SECOND RAIL-EQUIPPED DRUG TUNNEL FOUND AT MEXICAN BORDER

LOS ANGELES -- Federal investigators discovered a sophisticated
cross-border tunnel Thursday in an industrial part of San Diego. The
half-mile tunnel was the second found this month equipped with rail
tracks and carts to funnel drugs to and from Tijuana, Mexico.

After getting a tip about drug activity at a warehouse in Otay Mesa, a
thicket of warehouses and truck repair shops that hugs the Mexican
border, agents with the San Diego Tunnel Task Force arrested three men
there and discovered the tunnel. United States and Mexican authorities
have seized more than 20 tons of marijuana since Thursday.

Mexican military investigators later detained five men in Tijuana and
uncovered an entrance to the tunnel beneath the kitchen floor of a
house.

Mike Unzueta, who oversees investigations for Immigration and Customs
Enforcement in San Diego, said there were two entrances on the United
States side, both in warehouses in the Otay Mesa area. Investigators
believe the tunnel was operated by the Sinaloa cartel, one of the five
largest drug cartels operating in Mexico. "This is fairly
sophisticated construction," Mr. Unzueta said. "There is a lighting
system throughout, a ventilation system."

The walls were reinforced with wood and cinder blocks, and had
electrical outlets to charge jackhammers used to cut a path 60 to 90
feet underground.

On Nov. 2, federal agents found about 32 tons of marijuana and another
tunnel less than a block from this one. The earlier tunnel had similar
construction and connected two warehouses on either side of the border.

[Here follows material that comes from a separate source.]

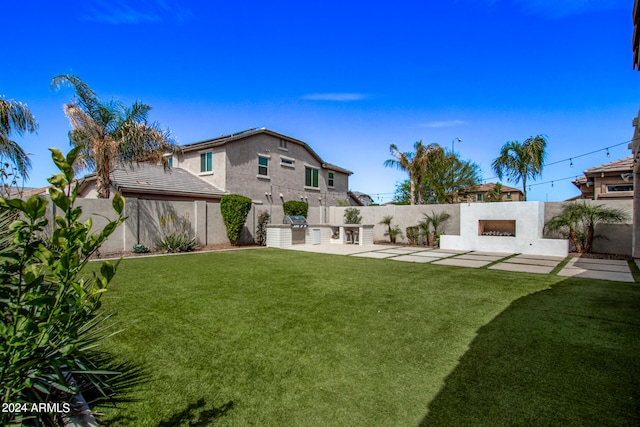 rear view of house with a lawn and a patio area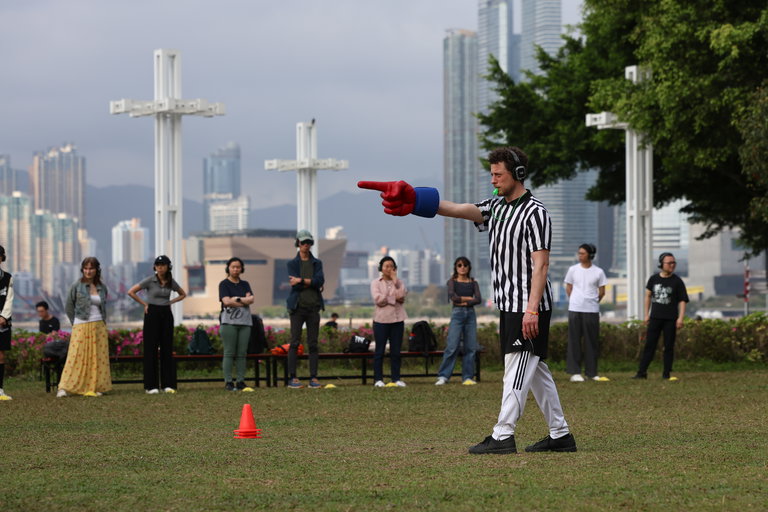 This photo is of the participants of Playing Fields. Clearly seen in the photo is a referee, complete with a black and white striped shirt, a green whistle and a large red glove. He is pointing ahead of him with the gloved hand and has the whistle in his mouth. Behind him, there are 10 participants of the program, each wearing headphones.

The authorities have found more than 75 tunnels along the border in
the last four years. Most are rudimentary dirt passages, closer to the
surface. Border Patrol agents discover many of the smaller tunnels
when the ground beneath their vehicles caves in as they drive the dirt
stretches along the border in California, Arizona and Texas, Mr.
Unzueta said.

Otay Mesa, he said, has stronger ground, full of clay and decomposing
granite. "You could just about build a tunnel without any
reinforcement and it will stay," he said.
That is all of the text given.